The scoring rubrics within the sample assessments are designed so that you can observe students during practice tasks, modified game play, fitness and movement activities, gymnastics or dance to determine their level of proficiency. The rubrics guide your evaluation by allowing you to assign students to one of three levels: Developing, Competent or Proficient. All rubrics include an "indicator," which is an outcome statement against which you can assess student performance using the performance criteria in each of the three levels (Developing, Competent and Proficient). For example, an indicator in a sample assessment for high school students on creating and maintaining a fitness plan, in Part IV of this book, states: "Goals meet the SMART (specific, measurable, achievable, realistic and time-bound) criteria." The indicator within that assessment’s scoring rubric is intended to help teachers measure a student’s ability to set and pursue personal fitness goals. At the elementary school level, Standard 1 indicators are specific to the critical elements for the skill. The indicator column states, simply, "Critical Elements," and students must demonstrate the critical elements of that particular skill to be scored as Competent in the skill. The indicators are similar to student learning outcomes, and you can think of them as an "indication" of how students demonstrate their mastery of a skill.
Each performance level in the rubric is defined by criteria linked specifically to critical elements. At the Developing level, students are moving toward competency and mastery of the identified critical elements. At the Developing level, then, a student’s competency is emerging and needs further development. With deliberate practice, students can move from the Developing level to the Competent level. Students at the Competent level demonstrate all of the critical elements of the skill, exhibiting mastery of the indicator. The Competent level defines the minimal level of performance required for meeting the indicator. Students at the Proficient level not only demonstrate all the required critical elements of the skill during assessment, but their performance also meets additional criteria and/or displays a level of performance that goes beyond Competent. For example, a student could display all of the critical elements while throwing overhand, while another student adds the wrist snap at the end of the throw or increases their stride length to generate more power. The first student demonstrated competency while the second student demonstrated proficiency by showing a more advanced level of performance.
Throughout this book, we use the term "sample" assessment purposefully. We do not recommend any of the assessments as exemplars, but only as samples of assessments that are aligned with the National Standards and Grade-Level Outcomes. They represent SHAPE America’s attempt to provide you with a way of thinking about developing assessments that is unique to your teaching environment. The purposes of assessment are to improve instruction, track student progress, and provide feedback to students on their progress toward intended outcomes. Therefore, the assessments you use must meet the needs of your students and your program.
We encourage you to modify any and all sample assessments in this book to fit your teaching environment, to use them as guidelines for developing your own assessments, and to combine or modify the assessments to align with your school or district outcomes. You will also want to modify the sample assessments to meet the needs of students with disabilities. For specific guidance in this area, we recommend Assessment for Everyone: Modifying NASPE Assessments to Include All Elementary School Children (Lieberman, Kowalski, et al., 2011).
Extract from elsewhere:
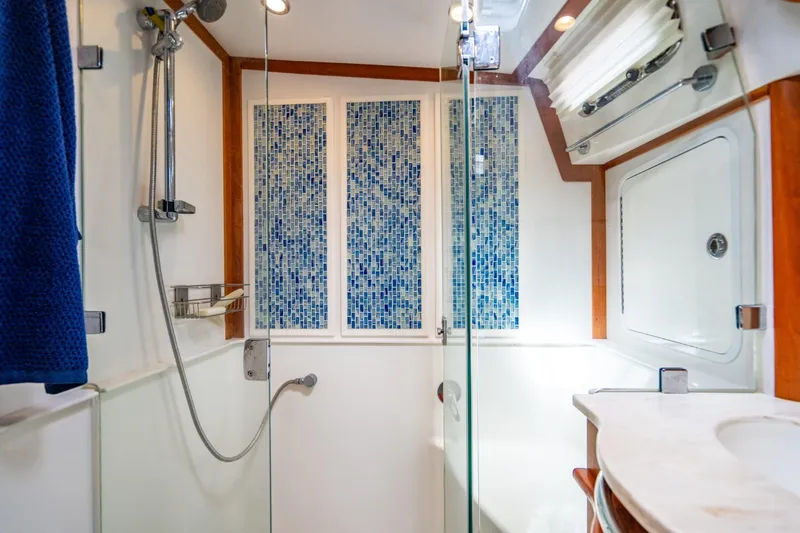 Salty Dog Yacht Photos Pics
While all the sample rubrics in this version of PE Metrics denote levels of competency and not point values for each level, you can modify the samples to assign point values and assign different weights to various indicators on the rubric. The sample assessments simply provide you with some suggestions. An example of a "rubric with weighted values" for each level can be found in Appendix B. An example of a "rubric with weighted values" for indicators can be found in Appendix C. You can change a rubric to a checklist or a checklist to a rubric if doing so better fits your needs. While the sample assessment for evaluating students’ reflections or journal entries might be an analytic rubric, you might find that a general rubric works better for you. In many cases, you may want to alter a sample assessment by replacing some of the language to match the cues you have been using in your classes. That way, the assessment process and feedback from the rubric will be more meaningful to your students. Think of the sample assessments in PE Metrics as building blocks and tools for you to use in developing an assessment plan that is unique to your program and the needs of your students.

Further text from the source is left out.